Opens the user's default editor at a specific file and line number, allowing them to manually tweak the code.

## Usage

After making changes to a file, if the user invokes `/tweak`, run the `open-editor.sh` script from this skill directory:

```bash
~/.claude/skills/tweak/open-editor.sh <file_path> <start_line> [end_line]
```

## Instructions

1. When the user says `/tweak`, identify the **last file and line range you edited** in the conversation
2. Run the script with the file path, start line, and end line (for multi-line edits)
3. The script auto-detects which GUI editor is running (Cursor, VS Code, Zed, etc.) and opens the file with the range selected

## Example

Single line edit at line 42:
```bash
~/.claude/skills/tweak/open-editor.sh /Users/philipp/dev/app/src/Button.tsx 42
```

Multi-line edit from line 42 to 58 (opens at start line; range selection only works in Zed):
```bash
~/.claude/skills/tweak/open-editor.sh /Users/philipp/dev/app/src/Button.tsx 42 58
```

Overview

This skill opens your default GUI editor at a specific file and line to let you manually tweak code or styles.
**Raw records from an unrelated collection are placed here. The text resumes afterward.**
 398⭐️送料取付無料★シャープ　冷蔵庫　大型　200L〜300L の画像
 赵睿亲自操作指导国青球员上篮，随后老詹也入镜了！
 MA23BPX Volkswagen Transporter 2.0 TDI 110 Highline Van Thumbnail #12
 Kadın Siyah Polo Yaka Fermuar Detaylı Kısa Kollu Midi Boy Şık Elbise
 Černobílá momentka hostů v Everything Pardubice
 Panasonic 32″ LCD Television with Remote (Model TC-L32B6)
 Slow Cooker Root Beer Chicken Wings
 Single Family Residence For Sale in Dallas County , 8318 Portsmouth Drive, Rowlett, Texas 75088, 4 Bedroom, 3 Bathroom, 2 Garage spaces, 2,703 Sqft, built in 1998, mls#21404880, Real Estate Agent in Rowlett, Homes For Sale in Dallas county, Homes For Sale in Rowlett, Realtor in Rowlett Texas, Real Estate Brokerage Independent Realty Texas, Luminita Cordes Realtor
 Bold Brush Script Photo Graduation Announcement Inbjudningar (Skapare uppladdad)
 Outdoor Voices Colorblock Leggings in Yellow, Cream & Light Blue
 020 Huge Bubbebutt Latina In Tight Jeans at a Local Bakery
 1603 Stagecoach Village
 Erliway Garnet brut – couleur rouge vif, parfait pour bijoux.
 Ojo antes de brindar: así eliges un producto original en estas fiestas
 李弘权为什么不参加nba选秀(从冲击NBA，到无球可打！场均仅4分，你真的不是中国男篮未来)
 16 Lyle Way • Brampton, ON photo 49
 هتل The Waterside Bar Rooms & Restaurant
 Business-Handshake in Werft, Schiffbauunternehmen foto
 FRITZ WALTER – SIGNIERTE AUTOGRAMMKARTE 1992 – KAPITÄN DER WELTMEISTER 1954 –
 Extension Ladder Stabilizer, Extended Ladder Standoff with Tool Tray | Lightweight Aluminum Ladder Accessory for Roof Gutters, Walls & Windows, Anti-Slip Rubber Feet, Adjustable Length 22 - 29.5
It is designed to be invoked after automated edits so you can make precise manual changes. The skill calls a local script that detects the active editor and navigates to the requested location.

How this skill works

When you invoke the tweak command, the skill identifies the last file and line range you edited in the conversation. It runs a small local script with the file path and start (and optional end) line. The script detects common GUI editors (VS Code, Zed, Cursor, etc.) and opens the file with the cursor positioned at the requested line, optionally selecting a range.

When to use it

  • After an automated change when you want to make a manual adjustment in the same file.
  • To quickly jump to a specific line reported in an error or code review comment.
  • When fine-tuning styles or layout that need eyeballing and manual edits.
  • To inspect or tweak a returned diff without copying paths and line numbers manually.
  • When collaborating and you need to open a precise context the assistant referenced.

Best practices

  • Invoke tweak immediately after the assistant makes an edit so the last-edited context is clear.
  • Use absolute file paths to avoid ambiguity when multiple files share a name.
  • Provide an end line only for ranges that benefit from selection; some editors only support cursor positioning.
  • Ensure your preferred GUI editor is running; the script auto-detects common editors but needs them available.
  • Keep the project workspace open in the editor for faster navigation and correct file resolution.

Example use cases

  • Open Button.tsx at line 42 after the assistant applied a layout tweak so you can adjust padding manually.
  • Jump to a CSS file and line range after the assistant suggested changes to color tokens.
  • Navigate to a failing test location cited by the assistant to inspect the assertion and update it.
  • Open a newly created file at the function you want to review and refine.
  • Quickly go to a log line reported by the assistant while debugging an exception.

FAQ

What if my editor is not detected?

Make sure the editor is running. If detection still fails, open the file manually or configure your editor to be the system default editor.

Does the script change files?

No. The script only opens the file in your editor at the specified line. Manual edits are still performed by you.